11 May 2010

No Other Mother's Day Gift Like It

On Friday when I picked A up from play-skool, there was a "gift" on top of her cubby. The kids had planted bean seeds and their teachers had stapled their picture to a popsicle stick, which was then stuck into the soil. It was accompanied by a rather silly ode to mothers, signed with the individual child's handprint in paint.


I remembered making these things when I was little and mocking them when I was large. I never imagined that I would ever be the intended recipient of the same someday, nor had I dreamed that my heart would actually melt when I received it.

Truly though, my real gift from her has been the change to revel in her recent explosion of language and imagination that's happened in the course of the last couple of months.
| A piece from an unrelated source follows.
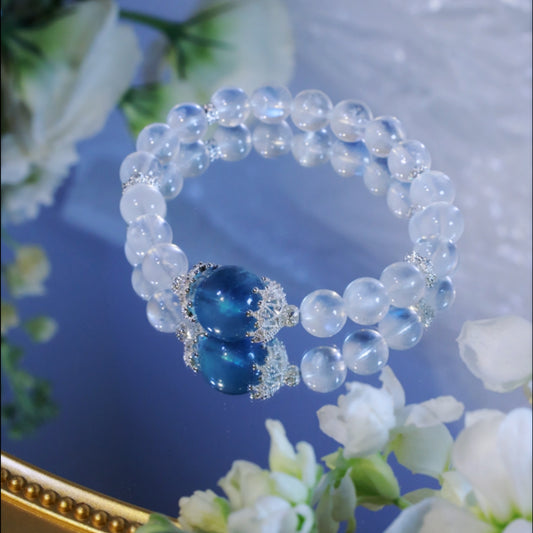 "Serenity Wave – Aquamarine &amp; Moonstone Energy Beaded Bracelet"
Her teachers tell me that she excels in both emergent writing and dramatic play (for daycare, this is really more like pre-school given the concepts they're being taught). We see it every day. She's often offered imaginary popcorn by Woozles (see Winnie the Pooh if you're unfamiliar) that seem to follow wherever she's got a craving for popcorn (which she's only ever had once, ages ago). Friday, on the way home, she was being offered imaginary lollipops by the mermaid sitting next to her in the back seat. Last night, she raided a store under the sea on an impromptu oceanic adventure in the bathtub. Naturally, mermaids helped.

She sees monsters in dark parking garages and the woods as we drive by. Some are good, some are bad. The ones currently under bed are her friends. Same for the ones residing in the closet.

I knew life was going to get interesting a few months ago when I had cleaned out her playroom closet and left a shallow, dish shaped basket on the floor while I contemplated it's fate. I walked in one night to check on her and she was sitting in it. She looked up at me and said, "My nest!" Under her bum were 3 bug-mobiles that were vaguely egg shaped. She was "hatching them" and then placing them reverently in a box.

I hadn't realized then how interesting, and funny, it was really going to become.

What better Mother's Day gift than a happy, healthy, giggling, playful, imaginative daughter could there be?